After multiple attempts with low success at hawking purslane at the farmers market, we may have found a good strategy. Sample it next to sunflower sprouts, which have a similar texture and shape. Some people prefer the less sophisticated purslane (high in OM-3's), and its a good conversation piece with gardeners who often don't know it is a good deep rooted companion for some other plants. We also sellamaranth with a little success and the help of one or two customers who buy us out of it for a discount at the end of some markets.
i think if something isnt selling too well than giving customers the oppurtunity to sample them is an effective way to get some sales, maybe even using the item of question in a recipe and allowing them to sample the finished product, occassional on-farm barbeques for family, friends and customer base?
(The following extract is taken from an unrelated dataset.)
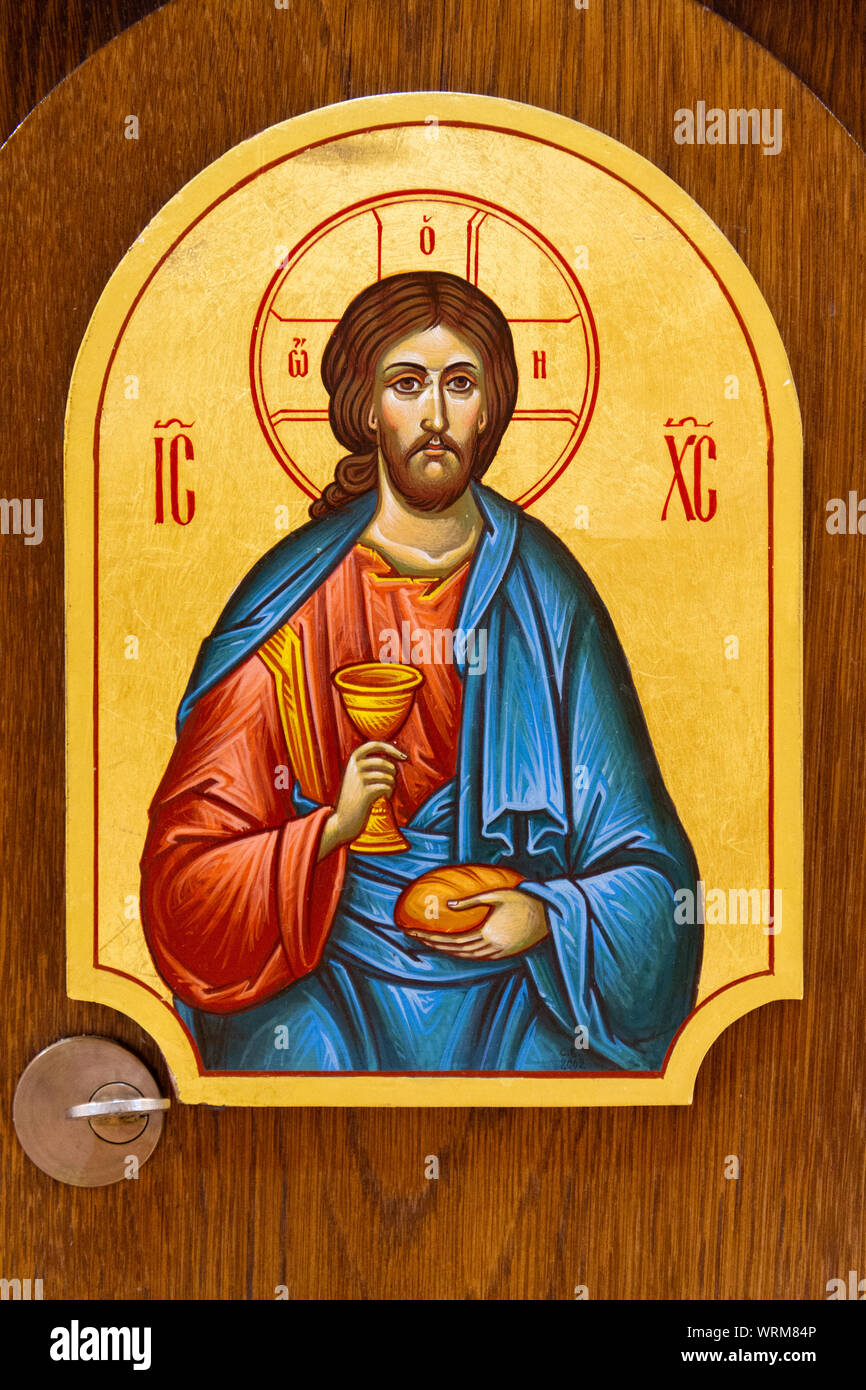 The icon of Jesus Christ with bread and wine in His hands. The icon is on the Eucharistic tabernacle. The Greek Catholic Church of Saint Elijah. Stock Photo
i am going to deep fry some purslane, in the manner of fried okra. there are only a few plants that i am obsessed with right now and purslane is one of them. i mostly see it along sidewalks and in temporary planting containers where the soil has been disturbed. i am soaking a stalk of purslane in water, to see how purslane likes growing in the water. is it a hydroponic plant? it seems very hardy in dry conditions, i wonder if it thrives in water as well.
posted 6 years ago
and ps, i think returnable cloth bags for greens at a farmer's market would make alot of repeat customers, like returning the glass bottle that the milk came in.
the issue with getting plants to grow in water is more a matter of dissolved oxygen than anything else, one can successfully grow a bananna tree right next to a desert cactus in a hydro/aquaponics set up provided there is enough dissolved oxygen in the water:)
the above link describes purslane as an herb that addresses "hot'' conditions as recognized by Chinese medicine.
i have also heard of purslane being used in cob building mixtures
Location: Zone 5 Brimfield, MA
posted 6 years ago
Like most of our bunched items we sell purslane 1 for $3 or 2 for $5 and they're jumbo. The larger leaved plants are the best and sometimes one big plant makes a bunch just by pulling up, rubber banding, and optionally cutting off roots.
This is NOT a financial strategy, however, haha. I just couldn't find the farm income section when I OP'd with this new setup.
We had a bumper crop of purslane this year. I do not sell from my garden, but I have been tempted to do so. As a joke, I took a purslane salad with home made pepper yogurt dressing (we made the yogurt from our goats milk) to the family reunion. My mother was complaining about pulling the purslane weeds from the garden club flower beds, so I just had to mess with her a bit. I was really amazed at the amount of people who ate that salad and came back for more even my Mom. Perhaps you should have some recipe ideas and maybe even some dishes made from purslane to sample. We like it with the yogurt dressing. We like it mixed with salad greens, and we like it cooked like any other green. I didn't get a chance to pickle any purslane as I read about doing, but hopefully I will get to try that this year.